Bug: Both instructions use [BP+04h] which defaults to SS (because BP is used). The first instruction correctly reads from SS:0054h (PA = 20054h). But the second instruction ALSO writes to SS:0054h — the programmer wanted to write to DS:3000h but used [BP+04h] again! This just reads and writes the same stack location. Fix: To write to the global at DS:3000h, use MOV [3000h], AX (direct addressing, defaults to DS). The programmer confused the effective address [BP+04h]=0054h with the target address 3000h.

Explain like I'm 5

Finding an address is like finding a house. The segment is like the city name — it tells you the big area. The base register is like the neighborhood. The index register is like the street number. The displacement is like the house number. You add them all up to get the exact location. If someone says 'use the ES city instead of the DS city,' that is a segment override — same street and house number, but in a completely different city!

Fun fact

The 8086 has an interesting limitation: you cannot use AX, CX, DX, or SP as base or index registers in addressing modes. Only BX, BP, SI, and DI are valid. This restriction exists because Intel only had 4 bits in the ModR/M byte encoding to specify the addressing mode — and only 8 combinations were enough to cover all useful patterns.
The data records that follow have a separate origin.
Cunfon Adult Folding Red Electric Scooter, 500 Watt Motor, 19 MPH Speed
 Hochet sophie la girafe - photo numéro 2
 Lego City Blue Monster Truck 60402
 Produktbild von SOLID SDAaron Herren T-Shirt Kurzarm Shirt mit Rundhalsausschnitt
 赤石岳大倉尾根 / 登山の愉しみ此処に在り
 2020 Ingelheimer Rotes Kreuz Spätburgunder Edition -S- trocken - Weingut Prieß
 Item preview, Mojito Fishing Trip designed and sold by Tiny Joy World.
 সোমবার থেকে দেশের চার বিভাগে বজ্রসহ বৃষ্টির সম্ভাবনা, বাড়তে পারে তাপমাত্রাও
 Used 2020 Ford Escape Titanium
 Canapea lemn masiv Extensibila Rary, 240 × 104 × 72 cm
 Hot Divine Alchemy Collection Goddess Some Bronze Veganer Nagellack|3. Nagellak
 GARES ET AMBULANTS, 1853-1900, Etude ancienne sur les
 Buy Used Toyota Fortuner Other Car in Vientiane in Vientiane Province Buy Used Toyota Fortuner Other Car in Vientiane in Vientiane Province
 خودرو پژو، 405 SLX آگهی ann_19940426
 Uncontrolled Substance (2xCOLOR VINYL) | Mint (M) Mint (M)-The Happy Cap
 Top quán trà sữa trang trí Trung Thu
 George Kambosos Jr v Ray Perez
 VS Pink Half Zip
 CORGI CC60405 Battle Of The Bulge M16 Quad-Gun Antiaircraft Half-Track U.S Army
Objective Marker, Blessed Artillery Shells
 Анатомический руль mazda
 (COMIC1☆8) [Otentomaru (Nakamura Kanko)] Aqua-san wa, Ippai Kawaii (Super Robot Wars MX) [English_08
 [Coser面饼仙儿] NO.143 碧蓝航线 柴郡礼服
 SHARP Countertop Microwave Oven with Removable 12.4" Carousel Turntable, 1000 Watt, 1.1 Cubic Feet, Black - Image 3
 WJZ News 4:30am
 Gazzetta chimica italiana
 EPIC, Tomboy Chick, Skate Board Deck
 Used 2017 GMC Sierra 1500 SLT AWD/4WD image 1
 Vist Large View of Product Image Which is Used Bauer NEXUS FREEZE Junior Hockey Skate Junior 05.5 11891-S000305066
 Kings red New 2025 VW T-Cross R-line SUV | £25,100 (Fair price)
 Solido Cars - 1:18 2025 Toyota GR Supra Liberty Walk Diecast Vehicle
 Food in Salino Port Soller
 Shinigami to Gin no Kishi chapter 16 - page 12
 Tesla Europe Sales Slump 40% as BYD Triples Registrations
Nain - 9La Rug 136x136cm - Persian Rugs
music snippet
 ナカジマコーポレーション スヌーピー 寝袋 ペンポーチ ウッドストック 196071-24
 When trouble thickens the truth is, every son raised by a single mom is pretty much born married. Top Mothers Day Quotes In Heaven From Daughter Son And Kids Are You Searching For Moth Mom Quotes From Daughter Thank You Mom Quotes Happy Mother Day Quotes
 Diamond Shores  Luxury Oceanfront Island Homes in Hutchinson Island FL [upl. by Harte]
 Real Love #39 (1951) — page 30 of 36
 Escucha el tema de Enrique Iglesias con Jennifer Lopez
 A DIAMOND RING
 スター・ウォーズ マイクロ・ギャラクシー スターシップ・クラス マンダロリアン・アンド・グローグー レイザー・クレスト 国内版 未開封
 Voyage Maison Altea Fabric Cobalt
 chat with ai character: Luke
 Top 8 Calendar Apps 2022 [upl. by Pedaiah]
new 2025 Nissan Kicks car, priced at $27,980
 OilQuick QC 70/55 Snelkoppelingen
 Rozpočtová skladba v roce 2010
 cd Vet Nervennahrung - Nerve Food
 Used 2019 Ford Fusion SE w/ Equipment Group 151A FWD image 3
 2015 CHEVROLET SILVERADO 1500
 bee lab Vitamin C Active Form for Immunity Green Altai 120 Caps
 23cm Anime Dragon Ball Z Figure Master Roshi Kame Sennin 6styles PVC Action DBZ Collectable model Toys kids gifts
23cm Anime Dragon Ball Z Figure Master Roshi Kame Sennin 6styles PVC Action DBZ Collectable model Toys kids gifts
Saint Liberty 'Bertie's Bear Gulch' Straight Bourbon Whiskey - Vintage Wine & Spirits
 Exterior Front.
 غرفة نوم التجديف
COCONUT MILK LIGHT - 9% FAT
Modern x86-64 removed this limitation with the REX prefix and SIB byte.

Hands-on challenge

Given DS=5000h, SS=6000h, ES=7000h, CS=8000h, BX=1000h, BP=2000h, SI=0300h, DI=0400h, calculate EA, default segment, and 20-bit PA for each: (a) MOV AX,[3000h], (b) MOV AX,[BX+SI+100h], (c) MOV AX,[BP+DI], (d) MOV AX,CS:[SI], (e) MOV AX,[BP+1000h], (f) MOV AX,[BX+DI+200h]. Then identify which two instructions access overlapping memory ranges if we change ES to 5130h.

More resources

8086 Address Calculation Examples (GeeksforGeeks)
EA Calculation Step by Step (YouTube)
8086 Addressing Modes Practice Problems (TutorialsPoint)
ModR/M Byte Encoding (OSDev Wiki)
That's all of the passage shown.